The grass is always greener..........I guess the one thing you can say about the area I live in [Missouri], it's perfect for goats. Rocks, rocks, and more rocks. There is no end to the rocks. No problems with mud, just rocks!

If baserock is an option it might work pretty well. It compacts over time almost like concrete. I'm not sure how hard it would be as far as clean up goes?

...fd123: How funny, have you ever tried to build a brush pile in your goats pen??


----------



## happyhogs (Oct 12, 2009)

I live in the UK where we are well known for our rain and just recently we have had half the country under water in some of the worst floods of recent years. I had an awful problem with the goats not being able to keep their feet dry and the pen being churned to a quagmire. I have now installed wooden pallets (the type used for delivery of large items from garden centres, DIY stores etc) and it has helped enormously. There is still a quagmire but the pallets sit on top of it and raise the goats' feet out of the mess.....preventing foot rot and leading to much happier goats!

I have placed a tarpauline under the pallets and once a week I lift the pallet, drag the tarp out, covered in soggy, wet berries and empty it off onto the compost heap. I only have two pygmy goats so this works for me, it might be different for a larger herd but the principal of wooden pallets might be worth looking into still.....maybe they could be moved from one area of a larger pen to another and cleaned out underneath???


----------



## nancy d (Oct 5, 2007)

erisfae said:


> We had a real problem with mud in our pastures so, we found a local landscaping/tree-cutting company.
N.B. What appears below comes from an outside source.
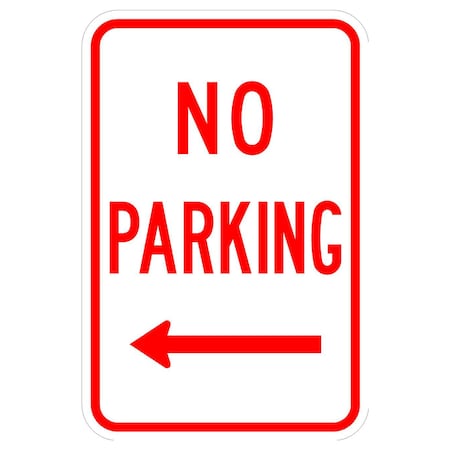 Sign Solutions Usa Parking Sign, 12 in W, Aluminum Sign, White DCS06DWT1218CUS00140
They used to have to pay a landfill to be able to dump their truck loads of fresh, fine cut woodchips. Such a waste! Now, they drop them off at our ranch (free for both parties) and we use them build up the muddy areas. They're great! Sometimes, we have entire wheelbarrows full of little more than sawdust, which is amazing for absorption. We also haven't had to pay for Pine and Cedar shavings, for bedding, in more than a year, which is an amazing savings. It's one of the best arrangements we've ever made.


^ This


----------